What’s the unresolved thing in the past about? Will she talk about that if you ask?


----------



## Anastasia6 (May 28, 2017)

larrybogie68 said:


> Just wanted to say hi everyone.....I'm bringing 35 years of marriage to this forum
> It's at the "very distant" stage and tonight she cried when we got into lovemaking very passionate I will say and she started crying....cause she's tired?!.....right.
> No matter how I try to better the marriage...she don't notice things, well ****, I can talk to her and get.no reply.....she's always on her tablet or phone.....I'm now just doing my own thing... something has happened in the past that wasn't addressed I guess as we would always fight and t
> View attachment 85518
> ...


Well quite a bit to unpack here.

First your post is very cryptic.
Second if your wife is crying during love making is it love making? Is this a happy or sad cry?
Any idea why she is crying?

What is the unresolved issue? Did she cheat? Did you cheat because that is a gift that keeps on giving.

Want to tell us a little bit more for better advice?


----------



## Anastasia6 (May 28, 2017)

Oh and you should remove personal pictures and change your username.
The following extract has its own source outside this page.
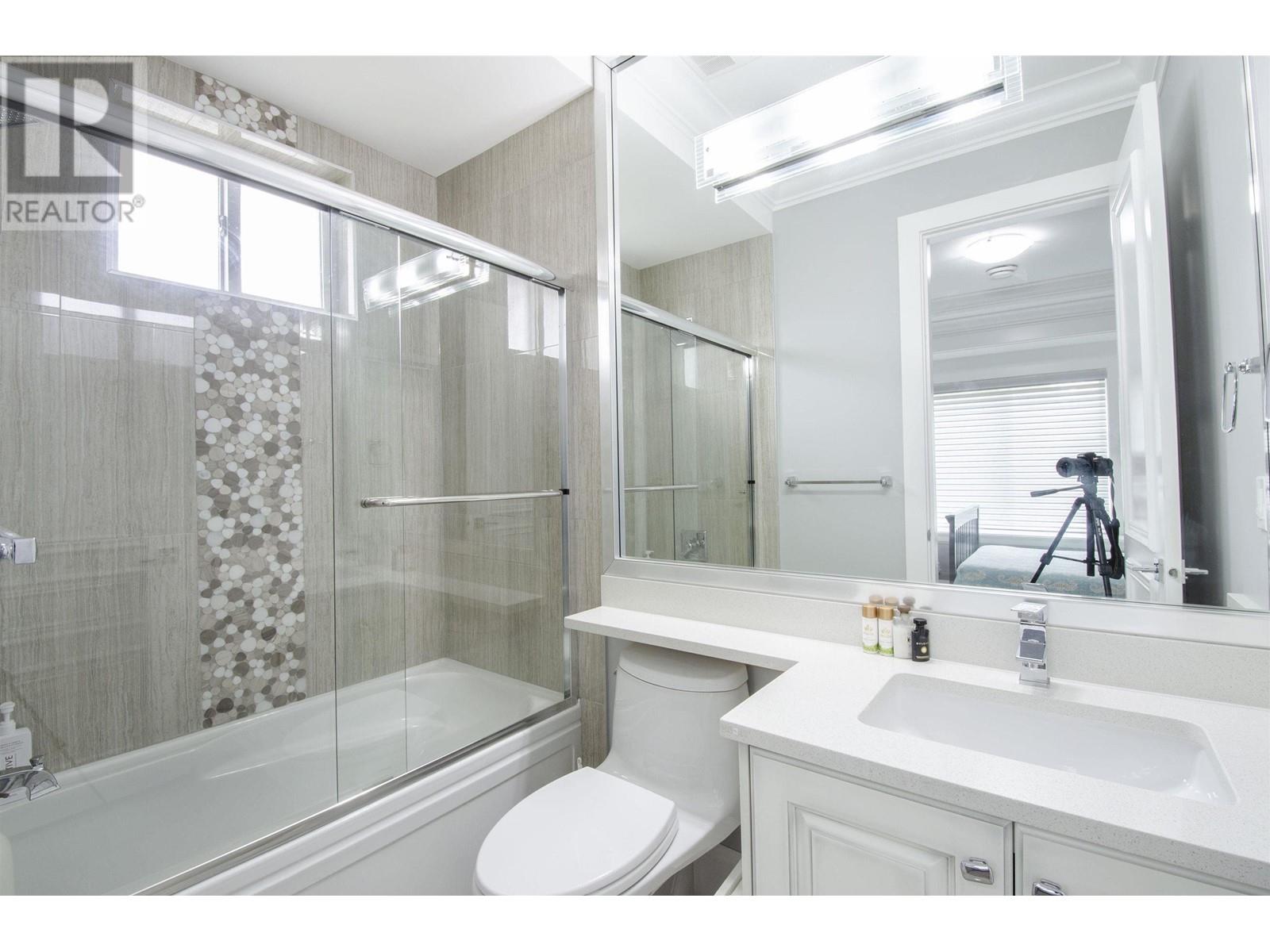 Listing Picture 22 of 37 : 3451 FRANCIS ROAD, Richmond / 烈治文 - 魯藝地產 Yvonne Lu Group - MLS Medallion Club Member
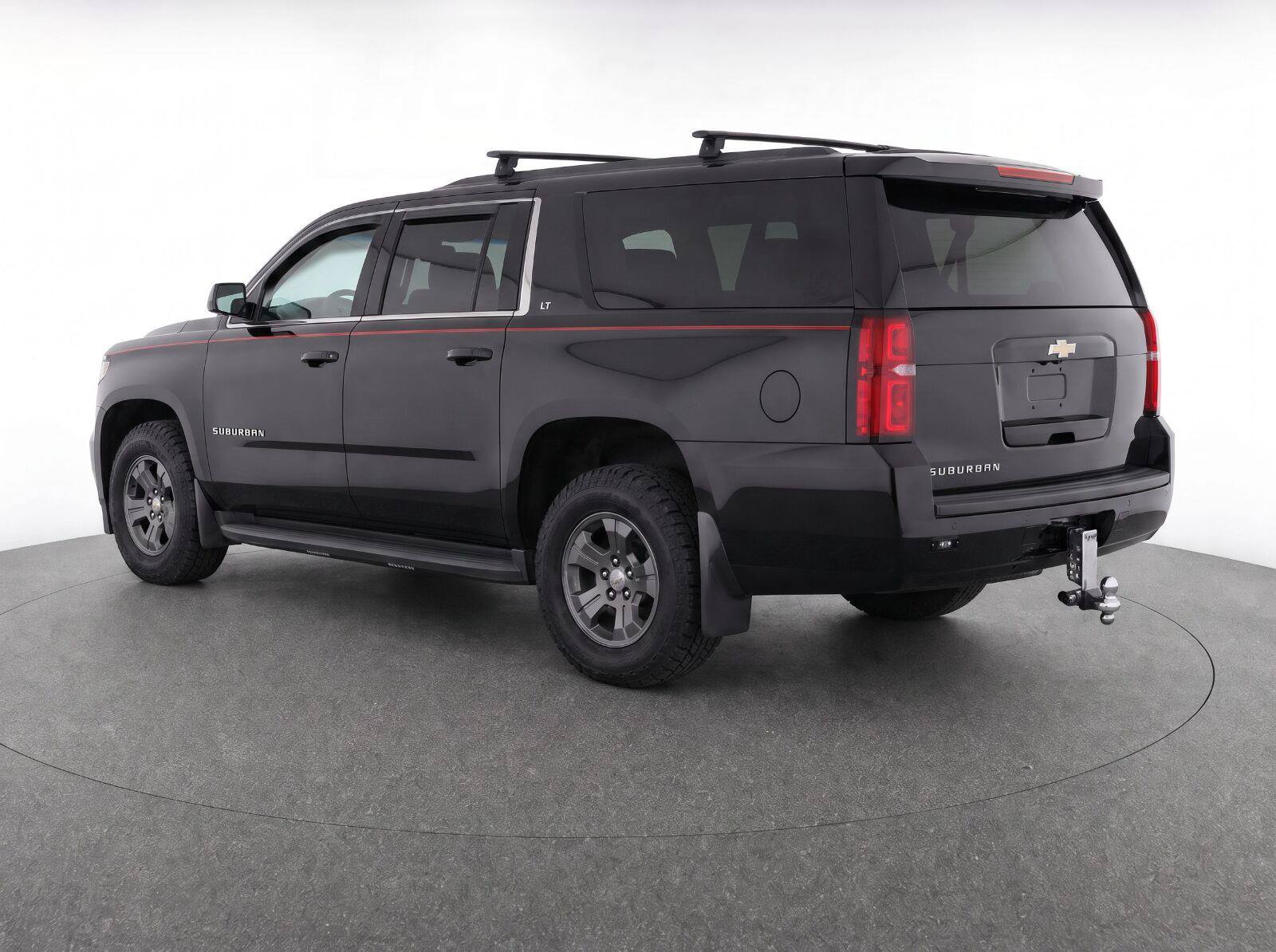 Used 2017 Chevrolet Suburban LT AWD/4WD image 3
It's better if you are anonymous.


----------



## theloveofmylife (Jan 5, 2021)

Anastasia6 said:


> Oh and you should remove personal pictures and change your username. It's better if you are anonymous.


Yes, and especially remove her pictures if she doesn't know you've posted them.


----------



## larrybogie68 (9 mo ago)

Anastasia6 said:


> Well quite a bit to unpack here.
> 
> First your post is very cryptic.
> Second if your wife is crying during love making is it love making? Is this a happy or sad cry?
> ...





BeyondRepair007 said:


> Welcome to TAM alone and helpless Larry.
> Sounds like your marriage is in a tough spot.
> 
> What’s the unresolved thing in the past about? Will she talk about that if you ask?


----------



## larrybogie68 (9 mo ago)

Anastasia6 said:


> Well quite a bit to unpack here.
> 
> First your post is very cryptic.
> Second if your wife is crying during love making is it love making? Is this a happy or sad cry?
> ...


She did say that she wanted to go to counseling and I agree because it seems as if we talked about anything in the past there's always an argument started so I guess we have beef on both sides I haven't been a saint through my marriage ... I cheated once had a seven year itch exactly on the 7th year in marriage... I do have to say money is tight I'm trying to shoulder the burden of the bills but I'm falling apart trying to because of the stress long story short she did hug me first thing this morning so there must be something salvageable


----------



## theloveofmylife (Jan 5, 2021)

Well, cheating is HUGE, not some casual thing. Did you do everything in your power to win back her trust, or did you just try to sweep it under the rug? If the latter, that never turns out well. You'll have to do the work. She will never "just get over it."


----------